Considering the vast, incredible works of Brazilian composer Antônio Carlos Jobim, it sometimes feels like a shame that that one song is the only one that most people know. Jobim is easily one of my favourite composers of all time, a man who could weave a heartbreaking melody out of any chord progression, who gave us lines that felt true and timeless. He could make a diminished chord do his bidding like few composers before or since.
Jobim’s lyrics are great too, and so I’ll playfully refer to him as a “songwriter” from time to time, though that seems like a strange way to define him. But such songs! Full of melancholy and relaxed beauty, of love and a reverence for the world around us.
I dig everything the man ever wrote, and have played his songs countless times. And while I’ve performed it probably more than 100 times, I’ll always love “Girl from Ipanema,” too. His music will never die — if someone like Brad Mehldau can make a version of “Wave” that sounds this wild, it’s a safe bet that we won’t run out of ways to interpret this stuff anytime soon.
So! Here are some of my favourite tunes by the late, great Antônio Carlos Jobim.
One of Jobim’s most enduring melodies for me, especially the final section at the end. This one’s from the classic Getz/Gilberto album, and it’s one of my favourite tracks from that record.
“The Waters of March”
It was reeeally hard to choose the best version of this, which I dearly love.
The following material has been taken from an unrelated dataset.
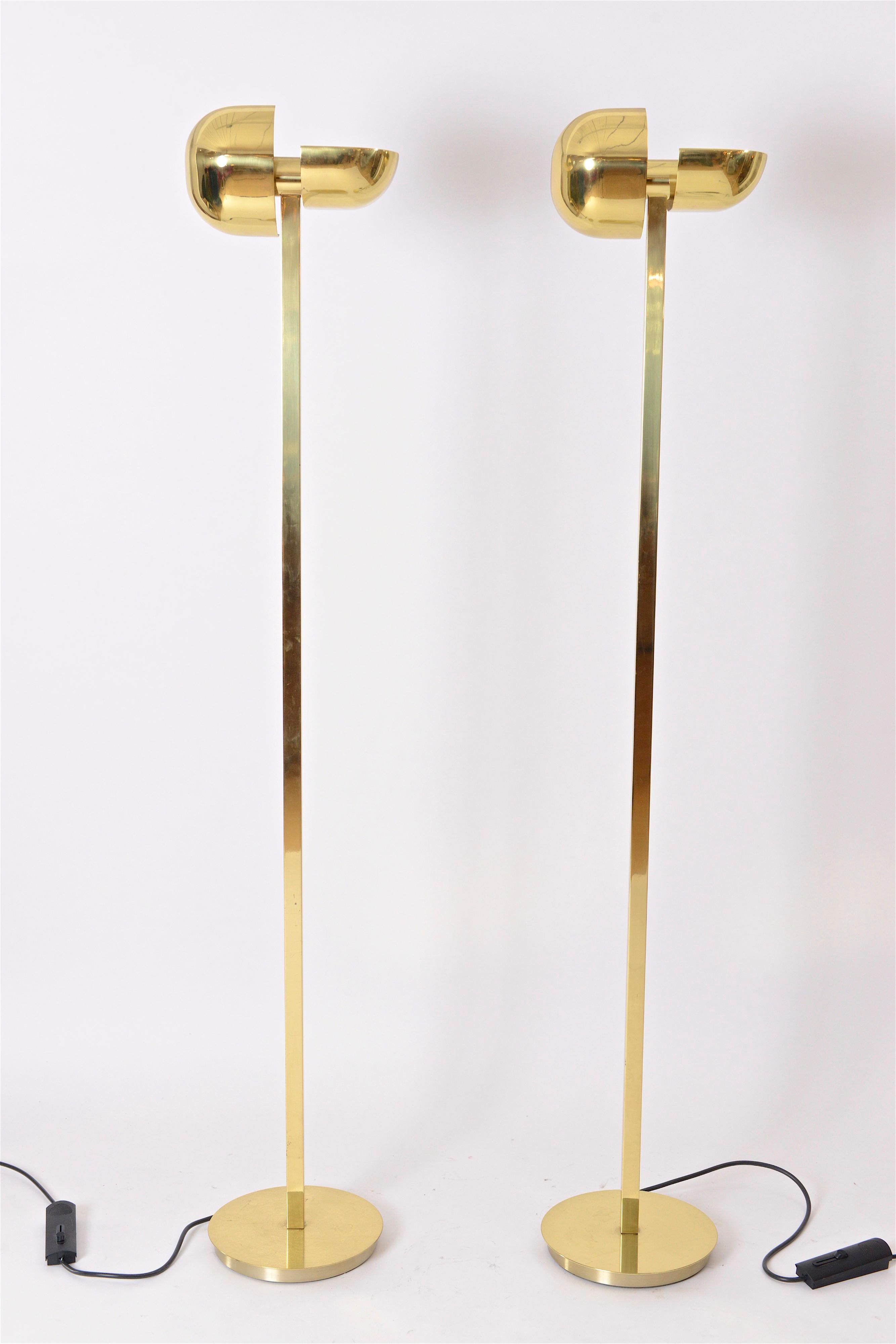 Lacquered Pair of Adjustable Brass Floor Lamps or Uplighters by Lumi, Italy , circa 1970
But I dig how Jane Monheit handled it. I’m kind of a huge fan of just like… listing things? Random things. In general, I mean. So this song is right up my alley.
Last week i got to share some Pat Metheny, so why stop? The recording quality on this video isn’t amazing, but this was a heck of a performance.
This one is another favourite to play — just for that “hook” that plays at the end of each time through the melody. Killer tune.
I always enjoyed that this tune was called “Slightly out of tune.” Who wouldn’t want to mimic Stan Getz’s incredible sound on this tune… but then, Stan wasn’t a guy who was very often out of tune.
“Chega De Saudade”
If you can get past the kinda weird albums (and the odd introduction on this video), this is Dizzy Gillespie’s version of another of my favourite Jobim tunes, and one of his longest.
This version, which I think is on the “Compact Jazz” collection for Dizzy, was one of the first non-Ipanema Jobim tunes I heard back when I was a kid, and I remember thinking “Man! This is great!” It’s also one of the only ones that really does go by its english title, “No More Blues.”
“The Girl From Ipanema”
Oh alright, fine. We’ll close with this one. Because despite the fact that it is somewhat overexposed, it remains a totally lovely song. That bridge! That turnaround! Aah. It’s worth sitting through it and listening to it, not as background wedding for your cocktail hour or elevator trip, but as an actual composition. It’s genius.
And, that seems to be a good one to go out on. Tonight, (after you’ve finished watching The Last Waltz from that earlier post), pour yourself a glass of wine, download some Jobim music, and just sit and listen.